Currently, breaches of the EPR can be dealt with as a criminal offence by way of warning, formal caution or prosecution, or by civil sanction in the form of an enforcement undertaking. There are no monetary civil penalties available for such breaches in the majority of cases.
The consultation invites views on increasing the scope of civil penalties so that the EA can issue VMPs for breaches of the EPR.
This is likely to lead to increased civil penalties in this area, which is a cause for concern for companies due to the limited opportunities to respond and appeal as outlined in relation to the VMP cap increase (see above).

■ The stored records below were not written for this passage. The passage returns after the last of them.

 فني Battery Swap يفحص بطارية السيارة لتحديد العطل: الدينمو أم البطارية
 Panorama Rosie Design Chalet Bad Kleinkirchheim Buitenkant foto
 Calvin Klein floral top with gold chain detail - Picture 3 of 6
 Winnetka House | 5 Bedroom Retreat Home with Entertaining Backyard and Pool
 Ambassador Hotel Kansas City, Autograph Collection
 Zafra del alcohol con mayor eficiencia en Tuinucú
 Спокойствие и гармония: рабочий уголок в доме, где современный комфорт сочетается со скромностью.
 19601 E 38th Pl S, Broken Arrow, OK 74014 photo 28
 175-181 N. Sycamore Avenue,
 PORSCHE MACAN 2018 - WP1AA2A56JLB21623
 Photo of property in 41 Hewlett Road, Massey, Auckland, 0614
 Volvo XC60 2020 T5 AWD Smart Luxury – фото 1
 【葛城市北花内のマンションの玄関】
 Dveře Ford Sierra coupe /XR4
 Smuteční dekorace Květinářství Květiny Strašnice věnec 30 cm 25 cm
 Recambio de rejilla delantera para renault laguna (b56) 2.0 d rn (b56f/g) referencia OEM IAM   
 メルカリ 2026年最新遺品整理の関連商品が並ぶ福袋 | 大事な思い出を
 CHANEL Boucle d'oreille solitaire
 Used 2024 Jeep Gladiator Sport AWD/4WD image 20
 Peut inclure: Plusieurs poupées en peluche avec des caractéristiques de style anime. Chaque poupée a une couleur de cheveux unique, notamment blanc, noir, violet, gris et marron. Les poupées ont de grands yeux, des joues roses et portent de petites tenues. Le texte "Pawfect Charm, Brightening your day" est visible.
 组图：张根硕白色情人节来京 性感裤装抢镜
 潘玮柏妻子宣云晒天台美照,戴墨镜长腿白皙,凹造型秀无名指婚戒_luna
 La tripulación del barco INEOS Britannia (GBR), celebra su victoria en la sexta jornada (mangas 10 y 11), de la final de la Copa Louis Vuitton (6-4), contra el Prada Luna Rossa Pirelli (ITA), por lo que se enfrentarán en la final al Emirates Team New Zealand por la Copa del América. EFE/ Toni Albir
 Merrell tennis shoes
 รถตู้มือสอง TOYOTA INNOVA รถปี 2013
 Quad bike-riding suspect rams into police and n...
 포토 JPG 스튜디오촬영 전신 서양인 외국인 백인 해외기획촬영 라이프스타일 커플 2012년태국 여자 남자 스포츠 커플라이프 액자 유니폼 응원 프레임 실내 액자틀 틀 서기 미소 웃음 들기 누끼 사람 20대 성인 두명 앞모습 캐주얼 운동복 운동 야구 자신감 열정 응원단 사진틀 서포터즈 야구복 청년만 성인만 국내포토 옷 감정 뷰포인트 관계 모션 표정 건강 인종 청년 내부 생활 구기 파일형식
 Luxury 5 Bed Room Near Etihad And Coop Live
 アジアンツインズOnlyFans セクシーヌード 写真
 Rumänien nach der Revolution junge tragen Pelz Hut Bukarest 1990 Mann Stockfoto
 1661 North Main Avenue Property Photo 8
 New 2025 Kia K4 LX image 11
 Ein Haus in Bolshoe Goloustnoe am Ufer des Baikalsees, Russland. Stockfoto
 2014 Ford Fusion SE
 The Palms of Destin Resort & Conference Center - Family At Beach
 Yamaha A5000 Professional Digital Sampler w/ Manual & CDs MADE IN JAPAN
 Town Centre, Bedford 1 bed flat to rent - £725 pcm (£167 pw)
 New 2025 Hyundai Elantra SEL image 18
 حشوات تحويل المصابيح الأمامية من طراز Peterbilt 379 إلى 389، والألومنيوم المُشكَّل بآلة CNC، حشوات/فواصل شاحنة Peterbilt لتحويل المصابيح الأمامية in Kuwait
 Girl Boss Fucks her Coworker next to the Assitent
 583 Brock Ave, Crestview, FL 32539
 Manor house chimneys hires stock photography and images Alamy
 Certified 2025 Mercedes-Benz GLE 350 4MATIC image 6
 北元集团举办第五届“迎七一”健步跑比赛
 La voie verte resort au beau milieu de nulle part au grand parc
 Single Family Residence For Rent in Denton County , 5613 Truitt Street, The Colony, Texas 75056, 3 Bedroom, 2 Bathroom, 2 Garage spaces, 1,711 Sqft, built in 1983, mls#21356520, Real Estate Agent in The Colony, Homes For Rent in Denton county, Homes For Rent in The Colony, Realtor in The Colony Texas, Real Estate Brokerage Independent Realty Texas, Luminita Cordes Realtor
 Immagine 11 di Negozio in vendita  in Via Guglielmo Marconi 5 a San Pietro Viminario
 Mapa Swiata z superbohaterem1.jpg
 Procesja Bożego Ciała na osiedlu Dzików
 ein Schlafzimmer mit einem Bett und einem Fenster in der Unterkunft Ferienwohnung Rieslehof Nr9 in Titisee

No one would argue that those who damage the environment should not be held to account. The current mechanism to do so for serious offences is to bring criminal proceedings. The marked increase in the level of fines that we have witnessed, including noticeably £135m in 2021 imposed on Southern Water, indicates that the judiciary has responded to the risks posed by environmental offences.
However, the civil process has the advantage for the EA that it requires a lot less evidence gathering, is quicker and the proceeds of fines go to their bank account not the governments. Duty holders will be concerned that this is a rough and ready form of justice that does not afford them the same due process and procedural protection as the criminal system.
If you would like to share your views on the proposed changes you can provide input via the Department for Environment Food & Rural Affairs' Consultation Hub.
Any responses need to be submitted before the consultation closes on 15 May 2023.